A version of this story originally ran February 5, 2021
This week, millions of Americans anxiously scan air quality maps focusing on two colors: red and purple. Red indicates “unhealthy” air quality, and purple? “Very unhealthy.”
When purple become the color most associated with danger?
“Red is the color of alert, of stop signs,” confirms information designer Giorgia Lupi, partner at Pentagram. But she sees the choice as logical. “Purple is the next color in the spectrum, from yellow to orange to red.”
Lupi’s job is to translate data into visual images that are easier for our minds to process. Color, for her, is a vital tool. While purple often carries positive associations in Western culture – such as lavishness and royalty – Lupi also points to the color’s unsettling lividity. “Think of bruising and purple skin color when talking about illness,” she suggests. “It’s another level. It’s darker, and a more advanced stage, if you will.”
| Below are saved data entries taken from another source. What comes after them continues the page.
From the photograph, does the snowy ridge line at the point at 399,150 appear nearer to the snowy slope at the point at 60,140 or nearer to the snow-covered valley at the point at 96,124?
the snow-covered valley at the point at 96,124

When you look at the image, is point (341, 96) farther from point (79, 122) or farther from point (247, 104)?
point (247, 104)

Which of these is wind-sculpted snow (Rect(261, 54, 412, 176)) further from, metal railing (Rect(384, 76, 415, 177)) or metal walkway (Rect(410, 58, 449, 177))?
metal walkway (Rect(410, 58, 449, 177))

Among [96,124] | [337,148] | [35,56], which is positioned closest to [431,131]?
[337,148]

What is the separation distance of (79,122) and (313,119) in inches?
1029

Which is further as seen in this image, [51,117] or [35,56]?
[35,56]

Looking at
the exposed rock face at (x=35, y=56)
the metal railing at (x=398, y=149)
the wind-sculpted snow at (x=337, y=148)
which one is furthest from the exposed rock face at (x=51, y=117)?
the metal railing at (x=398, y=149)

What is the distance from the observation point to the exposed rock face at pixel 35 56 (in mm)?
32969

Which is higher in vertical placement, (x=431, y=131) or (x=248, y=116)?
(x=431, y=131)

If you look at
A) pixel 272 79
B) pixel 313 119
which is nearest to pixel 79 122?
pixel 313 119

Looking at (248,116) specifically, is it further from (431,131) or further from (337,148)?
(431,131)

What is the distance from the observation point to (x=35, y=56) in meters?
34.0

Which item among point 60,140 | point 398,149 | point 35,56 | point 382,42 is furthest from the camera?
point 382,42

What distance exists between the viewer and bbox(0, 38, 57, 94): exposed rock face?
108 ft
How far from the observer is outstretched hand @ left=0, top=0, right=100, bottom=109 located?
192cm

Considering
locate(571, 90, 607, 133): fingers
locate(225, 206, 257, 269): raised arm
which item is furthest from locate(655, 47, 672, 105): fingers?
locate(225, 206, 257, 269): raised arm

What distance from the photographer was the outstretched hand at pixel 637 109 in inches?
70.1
As for how purple came to officially represent “very unhealthy” air quality: In the 1990s, the Environmental Protection Agency held a conference in Baltimore. There was a lot on the agenda, including a brand new color-coded Air Quality Index.
Scientist Susan Stone was there, along with a number of attorneys and state, local and tribal officials.
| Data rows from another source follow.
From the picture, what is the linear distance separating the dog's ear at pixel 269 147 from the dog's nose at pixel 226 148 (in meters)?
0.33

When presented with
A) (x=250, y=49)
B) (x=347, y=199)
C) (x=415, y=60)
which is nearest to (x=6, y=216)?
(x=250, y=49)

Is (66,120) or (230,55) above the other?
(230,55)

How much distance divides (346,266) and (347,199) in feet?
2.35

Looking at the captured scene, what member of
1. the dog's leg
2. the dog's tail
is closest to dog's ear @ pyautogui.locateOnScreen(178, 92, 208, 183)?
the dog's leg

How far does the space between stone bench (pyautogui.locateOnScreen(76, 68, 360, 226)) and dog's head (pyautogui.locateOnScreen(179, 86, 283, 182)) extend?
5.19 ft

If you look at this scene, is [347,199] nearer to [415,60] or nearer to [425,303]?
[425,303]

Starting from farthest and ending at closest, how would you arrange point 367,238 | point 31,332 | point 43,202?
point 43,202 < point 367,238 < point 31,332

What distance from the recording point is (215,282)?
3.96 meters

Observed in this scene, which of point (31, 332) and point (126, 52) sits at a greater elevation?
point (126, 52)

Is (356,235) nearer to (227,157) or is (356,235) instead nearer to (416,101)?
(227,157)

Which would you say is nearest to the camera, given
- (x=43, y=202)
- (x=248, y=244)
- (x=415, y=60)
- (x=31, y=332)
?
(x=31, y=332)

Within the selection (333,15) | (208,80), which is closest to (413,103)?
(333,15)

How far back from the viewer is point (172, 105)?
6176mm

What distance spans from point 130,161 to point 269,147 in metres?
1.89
Color designation was a topic “that really blew up the discussion,” Stone recalls. “They were really starting to warm up. We were all saying we need to take a break or people are going to start jostling.”
In 2021, a spokesperson for the Environmental Protection Agency offered the following background:
When developing the AQI we have today, the most heated discussions were about colors. At a big meeting in Baltimore (in 1997 or 1998), we took an unplanned break during the color discussion because we thought the attendees were going to start jostling. The focus was entirely on the standard level and the color red. It was the days before the huge wildfires in the West, so it was extremely rare to enter the Hazardous range. We mainly reach very unhealthy levels with ozone. Although we didn’t have many continuous PM monitors at the time, we looked at filter-based PM data to assess the number of days in different categories.
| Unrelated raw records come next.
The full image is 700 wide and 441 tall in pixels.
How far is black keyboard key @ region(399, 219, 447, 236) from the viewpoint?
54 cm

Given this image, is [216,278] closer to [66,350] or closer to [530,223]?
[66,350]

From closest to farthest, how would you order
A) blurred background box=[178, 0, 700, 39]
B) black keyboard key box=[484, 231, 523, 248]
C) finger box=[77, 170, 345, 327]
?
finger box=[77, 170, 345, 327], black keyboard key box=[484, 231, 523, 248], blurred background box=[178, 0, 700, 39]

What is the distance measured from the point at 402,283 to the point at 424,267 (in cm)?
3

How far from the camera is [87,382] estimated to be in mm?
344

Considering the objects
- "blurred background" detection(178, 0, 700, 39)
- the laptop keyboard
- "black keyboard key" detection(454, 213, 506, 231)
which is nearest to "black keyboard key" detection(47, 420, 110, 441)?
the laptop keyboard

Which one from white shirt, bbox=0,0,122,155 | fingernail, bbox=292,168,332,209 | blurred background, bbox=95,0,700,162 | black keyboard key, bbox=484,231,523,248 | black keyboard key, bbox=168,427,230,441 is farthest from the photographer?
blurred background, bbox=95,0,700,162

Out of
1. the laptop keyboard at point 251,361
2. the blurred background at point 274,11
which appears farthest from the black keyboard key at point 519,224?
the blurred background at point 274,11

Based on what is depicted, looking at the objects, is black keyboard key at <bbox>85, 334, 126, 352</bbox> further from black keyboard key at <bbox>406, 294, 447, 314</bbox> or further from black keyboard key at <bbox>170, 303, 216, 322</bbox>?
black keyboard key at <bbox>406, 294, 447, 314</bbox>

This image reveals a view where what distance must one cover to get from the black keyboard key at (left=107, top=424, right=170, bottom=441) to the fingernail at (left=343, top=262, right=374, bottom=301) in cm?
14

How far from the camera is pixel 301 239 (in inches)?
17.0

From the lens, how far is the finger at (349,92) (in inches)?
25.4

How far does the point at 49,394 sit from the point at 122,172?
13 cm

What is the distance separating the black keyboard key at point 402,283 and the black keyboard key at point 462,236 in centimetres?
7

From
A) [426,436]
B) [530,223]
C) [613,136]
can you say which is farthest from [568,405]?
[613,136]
There were two factions. Environmental groups wanted red in the Unhealthy for Sensitive Groups (USG) category to show levels were above NAAQS levels. The EPA and many state, local, and tribal officials wanted red in the unhealthy category, because that’s when the AQI indicates air quality can pose a risk to everyone. We were also concerned about message fatigue. At that time, it was not uncommon to have 30 days during which the ozone was above the standard level.
We’re not sure anyone knows for sure how the final decision was made, but in the end DC decided to go with red in the unhealthy category. The highest colors were decided by the AQI team to show that as the air quality deteriorates, it may be unhealthy for some people before it is for everyone. And even once the air quality becomes unhealthy, higher levels may dictate different actions. At orange, members of sensitive groups can have effects; at red, some members of the general population may be affected and effects on sensitive groups may be more severe. Purple is an alert, and the risk is increased for everyone. Brown – dangerous – represents emergency conditions. We don’t usually see this except for forest fires and sometimes dust storms.
Stone told NPR that she never suspected how often purple would be used as an alarm color.
“Looking at the data,” she says, “if we put red as ‘dangerous,’ it would never happen.”
Now, of course, dangerous days are not uncommon, and at least in some places the AQI is turning to an even worse color: brown. (It turns out that black is less readable on maps and it’s hard to see the borders.) For now, purple continues to show how in a royal mess we are.